There's no denying the positive effects of the move to less pressure in the first half. West Virginia has been able to keep more players available for longer stretches due to fewer fouls (or at least by spreading them out more). There's also the effect of suddenly amping up the pressure at key moments, and making foes uncomfortable after they felt like they had weathered the early storm and gotten into a rhythm in the game. Offsetting that, though, has been a dip in the number of turnovers forced. It's tough to tell whether or not this approach has made the Mountaineers less aggressive, and that's something to try to judge here. If TCU is able to settle in early, does that help them stay competitive?
Another item to watch is the way in which Jaysean Paige is used in the offense.
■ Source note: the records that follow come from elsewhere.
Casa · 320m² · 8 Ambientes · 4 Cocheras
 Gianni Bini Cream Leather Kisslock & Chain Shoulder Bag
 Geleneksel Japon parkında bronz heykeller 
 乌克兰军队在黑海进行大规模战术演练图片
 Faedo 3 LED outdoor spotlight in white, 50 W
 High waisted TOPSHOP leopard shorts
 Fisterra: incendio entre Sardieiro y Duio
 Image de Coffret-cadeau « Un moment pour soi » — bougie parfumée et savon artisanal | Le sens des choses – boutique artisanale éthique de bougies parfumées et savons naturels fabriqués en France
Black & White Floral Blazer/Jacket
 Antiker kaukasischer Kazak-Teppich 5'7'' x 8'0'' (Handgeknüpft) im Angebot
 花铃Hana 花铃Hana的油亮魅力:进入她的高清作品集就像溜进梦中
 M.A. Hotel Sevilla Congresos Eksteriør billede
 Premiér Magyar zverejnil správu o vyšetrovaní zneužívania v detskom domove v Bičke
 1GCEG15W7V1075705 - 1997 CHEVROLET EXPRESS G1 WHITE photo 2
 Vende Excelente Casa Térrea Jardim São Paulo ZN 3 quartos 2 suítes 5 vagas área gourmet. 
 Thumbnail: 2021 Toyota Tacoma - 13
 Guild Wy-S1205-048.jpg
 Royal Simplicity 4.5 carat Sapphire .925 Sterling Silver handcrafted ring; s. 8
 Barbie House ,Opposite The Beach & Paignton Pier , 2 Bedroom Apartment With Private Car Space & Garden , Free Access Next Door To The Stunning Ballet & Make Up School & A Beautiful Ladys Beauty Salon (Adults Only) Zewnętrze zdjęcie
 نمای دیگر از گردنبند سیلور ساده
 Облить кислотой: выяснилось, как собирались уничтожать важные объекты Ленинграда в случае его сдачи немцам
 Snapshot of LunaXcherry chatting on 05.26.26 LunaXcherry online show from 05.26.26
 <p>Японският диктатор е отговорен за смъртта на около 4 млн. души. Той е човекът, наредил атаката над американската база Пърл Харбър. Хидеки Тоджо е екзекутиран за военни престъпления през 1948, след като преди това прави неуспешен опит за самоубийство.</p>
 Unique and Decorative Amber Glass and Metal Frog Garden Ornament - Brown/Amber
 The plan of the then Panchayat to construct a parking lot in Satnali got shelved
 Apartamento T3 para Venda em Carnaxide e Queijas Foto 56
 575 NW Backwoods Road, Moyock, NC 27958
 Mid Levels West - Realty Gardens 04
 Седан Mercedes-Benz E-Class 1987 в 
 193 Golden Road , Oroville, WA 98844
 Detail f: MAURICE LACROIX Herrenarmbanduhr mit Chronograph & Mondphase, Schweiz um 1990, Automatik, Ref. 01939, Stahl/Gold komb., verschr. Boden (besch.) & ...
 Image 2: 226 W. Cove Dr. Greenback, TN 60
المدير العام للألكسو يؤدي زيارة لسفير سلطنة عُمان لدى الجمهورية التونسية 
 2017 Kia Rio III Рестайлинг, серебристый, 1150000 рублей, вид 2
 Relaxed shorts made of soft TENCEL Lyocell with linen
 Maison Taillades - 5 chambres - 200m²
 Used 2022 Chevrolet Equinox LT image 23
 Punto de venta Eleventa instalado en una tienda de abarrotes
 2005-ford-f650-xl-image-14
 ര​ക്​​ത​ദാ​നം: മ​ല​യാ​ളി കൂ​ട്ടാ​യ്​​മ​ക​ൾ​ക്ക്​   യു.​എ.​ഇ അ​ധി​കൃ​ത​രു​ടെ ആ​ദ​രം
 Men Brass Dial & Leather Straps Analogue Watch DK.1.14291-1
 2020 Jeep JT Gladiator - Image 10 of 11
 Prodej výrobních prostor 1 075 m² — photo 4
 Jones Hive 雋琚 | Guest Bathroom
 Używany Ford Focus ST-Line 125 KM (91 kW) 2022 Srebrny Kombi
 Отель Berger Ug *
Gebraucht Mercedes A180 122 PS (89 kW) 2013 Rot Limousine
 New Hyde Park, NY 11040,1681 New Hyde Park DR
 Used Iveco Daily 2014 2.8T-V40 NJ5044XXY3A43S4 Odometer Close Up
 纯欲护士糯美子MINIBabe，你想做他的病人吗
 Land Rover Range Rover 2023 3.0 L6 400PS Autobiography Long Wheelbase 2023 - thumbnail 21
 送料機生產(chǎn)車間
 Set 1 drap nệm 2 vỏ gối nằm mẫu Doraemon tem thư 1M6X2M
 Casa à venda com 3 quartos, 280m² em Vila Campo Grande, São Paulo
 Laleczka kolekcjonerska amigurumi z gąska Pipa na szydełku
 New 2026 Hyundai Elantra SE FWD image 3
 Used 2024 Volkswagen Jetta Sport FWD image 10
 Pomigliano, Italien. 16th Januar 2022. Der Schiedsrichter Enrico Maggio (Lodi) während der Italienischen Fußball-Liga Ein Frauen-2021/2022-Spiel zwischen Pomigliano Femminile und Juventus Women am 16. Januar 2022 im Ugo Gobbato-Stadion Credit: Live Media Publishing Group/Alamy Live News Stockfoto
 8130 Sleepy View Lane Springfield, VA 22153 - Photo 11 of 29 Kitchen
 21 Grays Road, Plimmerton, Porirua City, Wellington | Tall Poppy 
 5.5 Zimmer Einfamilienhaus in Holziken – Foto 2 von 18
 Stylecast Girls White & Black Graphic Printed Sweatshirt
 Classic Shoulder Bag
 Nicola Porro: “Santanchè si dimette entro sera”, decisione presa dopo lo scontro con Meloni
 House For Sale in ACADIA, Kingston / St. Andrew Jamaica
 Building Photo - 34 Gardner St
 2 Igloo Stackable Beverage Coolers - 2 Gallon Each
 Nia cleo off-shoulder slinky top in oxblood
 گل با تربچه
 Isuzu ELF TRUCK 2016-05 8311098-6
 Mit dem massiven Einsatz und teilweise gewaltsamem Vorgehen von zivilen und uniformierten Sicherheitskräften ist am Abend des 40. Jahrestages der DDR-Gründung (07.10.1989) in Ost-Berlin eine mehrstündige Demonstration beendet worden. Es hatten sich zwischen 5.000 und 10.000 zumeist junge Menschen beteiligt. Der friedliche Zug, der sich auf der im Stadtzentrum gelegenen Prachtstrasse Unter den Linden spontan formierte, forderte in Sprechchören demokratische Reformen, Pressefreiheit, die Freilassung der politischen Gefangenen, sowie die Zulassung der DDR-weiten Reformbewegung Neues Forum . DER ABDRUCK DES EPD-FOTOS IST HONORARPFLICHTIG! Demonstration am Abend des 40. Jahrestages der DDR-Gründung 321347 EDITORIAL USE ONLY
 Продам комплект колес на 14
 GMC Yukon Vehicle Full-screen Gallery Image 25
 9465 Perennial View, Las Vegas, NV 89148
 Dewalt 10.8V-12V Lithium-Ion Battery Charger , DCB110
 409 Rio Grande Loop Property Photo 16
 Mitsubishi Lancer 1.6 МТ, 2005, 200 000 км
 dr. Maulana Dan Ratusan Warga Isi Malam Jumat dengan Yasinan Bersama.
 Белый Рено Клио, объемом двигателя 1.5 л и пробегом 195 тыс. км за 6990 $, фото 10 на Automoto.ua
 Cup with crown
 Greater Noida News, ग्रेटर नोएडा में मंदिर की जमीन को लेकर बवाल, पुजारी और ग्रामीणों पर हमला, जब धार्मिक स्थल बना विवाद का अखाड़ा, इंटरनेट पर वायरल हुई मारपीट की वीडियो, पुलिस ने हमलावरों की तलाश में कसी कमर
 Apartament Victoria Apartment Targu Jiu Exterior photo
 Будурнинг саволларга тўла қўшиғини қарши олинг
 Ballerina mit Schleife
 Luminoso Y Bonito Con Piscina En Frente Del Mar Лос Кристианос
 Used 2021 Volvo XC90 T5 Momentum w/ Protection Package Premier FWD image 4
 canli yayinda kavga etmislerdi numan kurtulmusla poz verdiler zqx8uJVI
Head coach Bob Huggins noted that “there wasn't anywhere else we could put him” after running him through various sets at various spots against Kansas – a move that was prompted by his perimeter teammates' inability to score. Watch Paige when he's in, and note that WVU doesn't just run him off screens. They'll post him up on defenders, where his fadeaway jumper is effective, and they'll put him at the high post, from where he can either pass or drive the ball. If he can get just one or two teammates on target, he'll be even more effective, as opponents won't be able to pay quite as much attention to him as they do when he's the only outside offensive threat.
With Jonathan Holton in the lineup, the Mountaineers have averaged 16.7 offensive rebounds per game. Without him, that number dips to 13.3. The same drop is evident in second chance points. With #1 on the floor, the number is 18.3 per game. Without him, it's 13.
TCU guard Brandon Parrish is on a hot streak, as he has connected on 50% of his shots while leading TCU in scoring the last two games. He's also something of a barometer for team success. In the Frogs' 11 wins, he makes 53% of his shots, but in losses that number drops precipitously to 38%. Parrish is the only player on the roster to start all 24 games this year.
West Virginia has no individual leaders in Big 12 statistical categories. Jonathan Holton is second in the league in offensive rebounding (4.05 per game) and Devin Williams is third on the defensive end (5.50).
WVU is shooting just 31.1% from 3-point range in conference games. Nathan Adrian's 9-18 (50%) tops the team, with Tarik Phillip (9-23, 39.1%) second. Daxter Miles, who has been criticized for his low success rate (31%), is actually a notch above Jaysean Paige (30%).